Scènes

Errobiko Festibala 2014 : l’année du grand œuvre

Point culminant de l’édition 2014 d’Errobiko Festibala, la pastorale urbaine Gerezien Denbora a tenu ses promesses. Mais il n’y avait pas que cela.


Errobiko Festibala fonctionne, depuis bien longtemps, par cycles triennaux centrés sur un thème. Une première année pour semer, une deuxième pour cultiver, la troisième pour cueillir le fruit mûr. La pastorale urbaine, grand rêve de Beñat Achiary, était en germe depuis bien plus que trois ans, mais le cycle qui s’achevait cette année a été celui de sa gestation. Histoire d’un accouchement heureux.

Gerezien Denbora : le Temps des Cerises, en langue basque. Un titre chargé d’histoire(s), de luttes, de joies et de larmes pour ce qui est bien plus qu’un spectacle : une œuvre.

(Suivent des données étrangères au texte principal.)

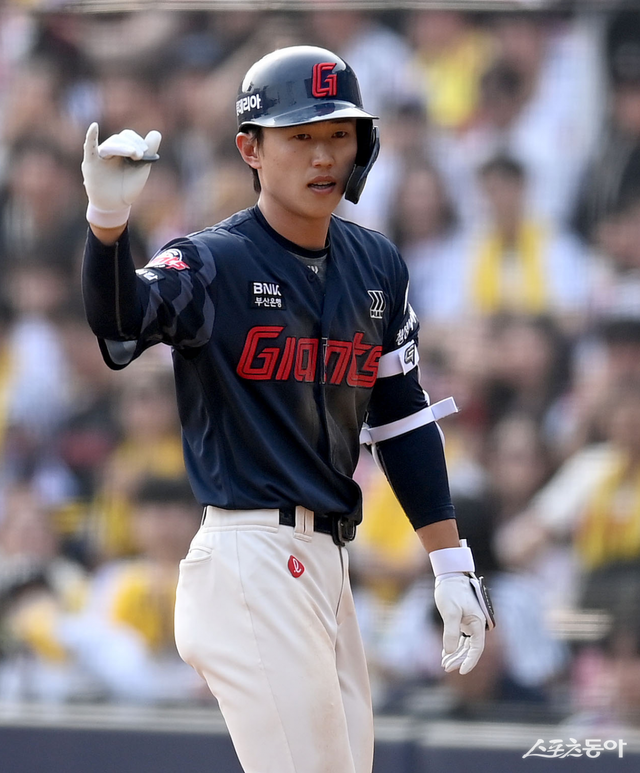 23일 서울 잠실야구장에서 ‘2025 신한은행 SOL뱅크 KBO리그’ 롯데 자이언츠와 LG 트윈스 경기가 열렸다. 8회초 1사 만루 롯데 전민재가 1타점 적시타를 치고 1루에서 기뻐하고 있다. 잠실｜김종원 기자 won@donga.com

Une œuvre collective, une œuvre de combat portée par deux individualités fortes, Itxaro Borda l’écrivaine et Beñat Achiary le musicien. Conçue sur le modèle des pastorales de la province de Soule, théâtre populaire versifié, chanté et dansé selon des formes rigoureusement codifiées [1], Gerezien Denbora est une première à bien des égards : première pastorale née dans une autre province basque que la Soule, première pastorale « urbaine » célébrant les travailleurs de l’industrie métallurgique, elle semble vouloir ouvrir une voie et ne pas rester unique en son genre.

Mais respectons la chronologie. La pastorale sera jouée le dimanche, et Errobiko Festibala commence le jeudi après-midi avec une exposition doublée d’une conférence.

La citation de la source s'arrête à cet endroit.